In what scenario would you prefer to backup an SSH key in favor of generating new SSH keys?

When I have my pub key in the authorized_keys files of many machines, especially machines where I don't control the authorized_keys file.

In this case you can maintain an offline SSH CA and trust that on the remote machines, and then sign yourself leaf certificates against a non-exportable HSM-backed key. In case of loss you just make a new key and sign a new certificate.

Of course this just moves the key management problem somewhere else: now you need to protect the CA key, but that might be easier since you would only need access to it in a disaster recovery scenario if you replaced the laptop or otherwise lost access to your HSM-backed key.

As usual, it all depends on your threat model.


But how do you revoke any compromised certificate if you don't control the remote machines?
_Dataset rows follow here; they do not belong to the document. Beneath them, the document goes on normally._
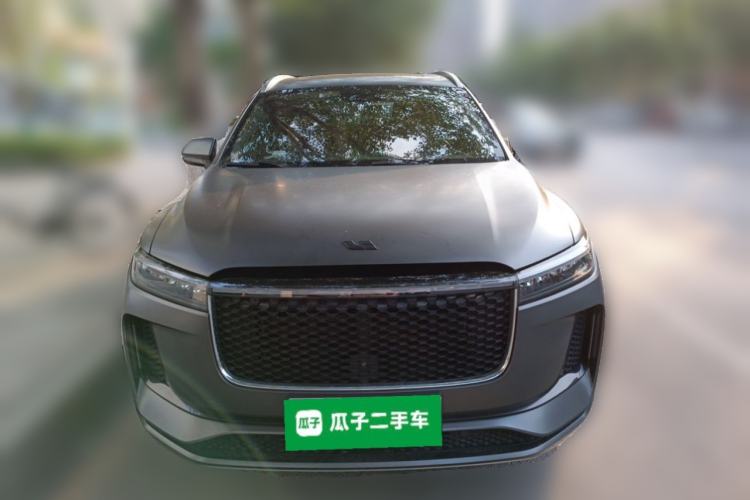 Used Li Auto ONE 2020 Extended-Range 6-Seater Version Front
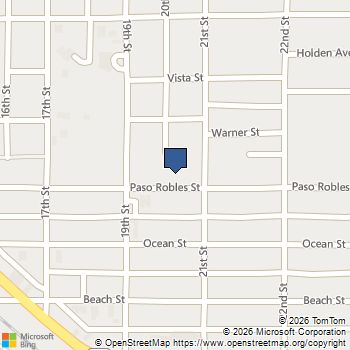 2011 Paso Robles Oceano, CA MLS# PI26048785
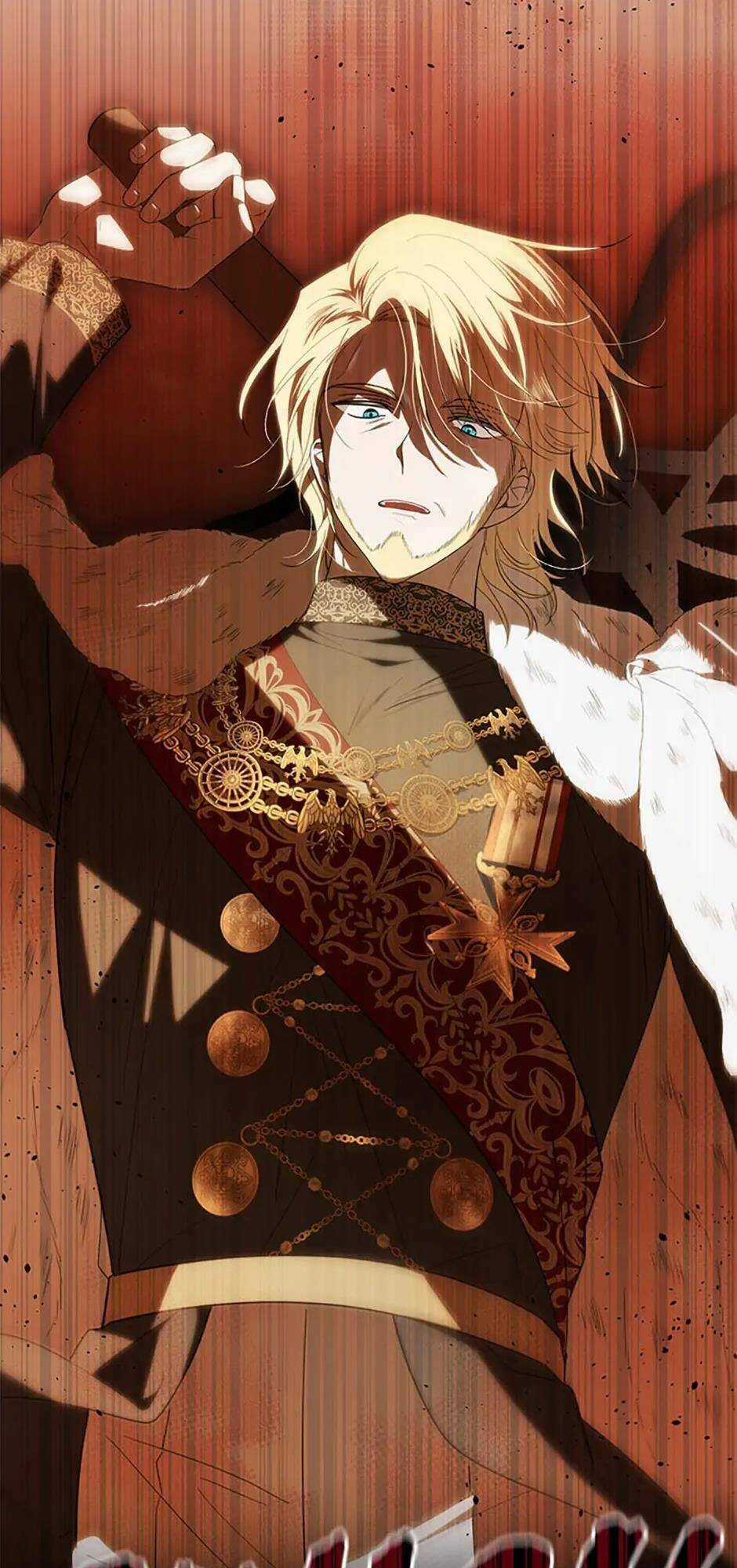 Bạo Chúa Thân Mến Chapter 33 trang 36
Keeping the certificate’s key as non-exportable in the HSM means you do not need to revoke it as it cannot be compromised (not permanently at least), once you’ve regained access to the HSM you can assume the bad guys are out.

Of course the CA key itself is another story, which is why this merely moves the problem elsewhere (however since you only need access to the CA during initial provisioning of a new certificate key, you can better control access to it).


> Keeping the certificate’s key as non-exportable in the HSM means you do not need to revoke it as it cannot be compromised (not permanently at least), once you’ve regained access to the HSM you can assume the bad guys are out.

How so? I can still lose my Yubikey, and even if the attacker can't export the private key corresponding to a CA-signed SSH certificate, they can still use it, no? How would I "regain access" in this scenario?


I was thinking the HSM in this case is your Macbook and its TPM/Secure Enclave, in which case you'd either recover it or assume the attacker is unable to use it due to biometrics/PIN. I guess the Yubikey has a PIN too with a limited number of tries.

Either way, you either recover the HSM and then don't need to rotate the keys, or you don't in which case you either use OpenSSH's key revocation mechanism (which I believe involves distributing some some sort of CRL to every server), use time-limited SSH certificates and wait out the expiry of the compromised key, or scrap the whole CA and start fresh.

Again this depends on your threat model. The somewhat uncommon requirement where you can't manage your own `authorized_keys` on the remote host complicates things a lot; if you could, then you'd use your existing access (sign yourself a new certificate using your SSH CA) to rotate the whole CA... or just keep two keys in there (primary and backup) and skip the whole CA dance, since it's purely a workaround for the hard requirement of only being able to put one key in authorized_keys.


No but that’s the point. If there’s a copy of the private key out there, then it can be copied. The whole point is that the jedberg-laptop-1 key only ever exists as jedberg-laptop-1. When that laptop gets lost/stolen/destroyed/aged out, there's 100% certainty that it can't be recreated. The other side of that equation is that you need a tree of keys and a whole IT department to manage them so you don't get locked out of your servers. This particular bit of software is about ssh keys and exists within a larger conversation about PKI which you know more about than I, but operationally, you have this, and then you have a root login private key file locked with Shamir secret sharing (ssss on debian) that you distribute to a very select few number of key bearers. And then don't all get on the same plane together, ever.

It's much safer to export a key one time and import it into a new machine, or store it in a secure backup, than to keep it just hanging out on disk for eternity, and potentially get scooped up by whatever malware happens to run on your machine.

Any malware capable of exfiltrating a file from your home folder is also capable of calling the export command and tricking you into providing biometrics.

Not necessarily; "read file" is very different from "execute command." The biometrics part is a substantial lift as well.